With that out of the way, I respect the hell out of Grampa Jerry’s Clown Museum in Arriba, Colo. Located between the Kanorado, Kan., and Limon, Colorado along Interstate 70, the tiny town of Arriba feels like a one-horse town that’s missing its horse. Grampa Jerry is Jerry Eder, and he’s no longer with us. His granddaughter, Tessa Ann Zink keeps the dream alive, though.
Despite not having paved roads, the town has a gas station, a town hall, a history museum and – most importantly for our purposes today – a clown museum.
Grampa Jerry’s Clown Museum is at 22 Lincoln Ave., just a couple of turns off the highway and in what appears to be the backyard of a house marked by a couple clown standees near the driveway.
It looks like the back yard, because it IS the back yard of Grampa Jerry’s granddaughter, who happens to own the gas station at the base of the highway exit. Good thing it’s close, because if the museum is locked, you’ll need to go ask her for the key at the gas station. We had read on another site that we needed to get the key from the historical museum, but they directed us to the gas station, giving us a nice tour of Arriba and a thick coat of dust on the car.

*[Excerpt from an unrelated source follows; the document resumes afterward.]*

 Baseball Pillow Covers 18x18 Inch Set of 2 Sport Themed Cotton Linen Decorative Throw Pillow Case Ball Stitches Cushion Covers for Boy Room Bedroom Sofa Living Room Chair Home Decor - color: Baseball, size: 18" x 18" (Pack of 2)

The amusing scavenger hunt was worth it.
Inside the small museum shed are thousands of clown items. Clown statues, clown mugs, clown toys, clown lamps, clown figurines, clown picture frames and clown cookie jars were impossibly packed from wall to wall and floor to ceiling.
So how can a guy with a dislike for clowns like and respect a place like this?
A shack filled with clowns in the middle of nowhere that you can only open with a key quest is creepy on the face of it, but it’s actually a touching tribute to a passed grandfather. The clown collection went from a small group of 13 clown items and grew with family support. Jerry’s partner Dale encouraged and supported the collection. His brother was its largest contributor. Family friends added to the collection, as well. Granddaughter Tessa named the place.
After Eder died, his granddaughter has kept the place open – and free to visitors who can find it. She’s clearly proud to share the legacy and happy to talk about the collection. And when she talks about Grampa Jerry, you can tell how much she misses him.
So while the site may seem like a wacky and quintessential roadside attraction – pure Americana – it’s actually a shrine to a family and the hobby that brought them together in joy.
And you have to respect the hell out of that.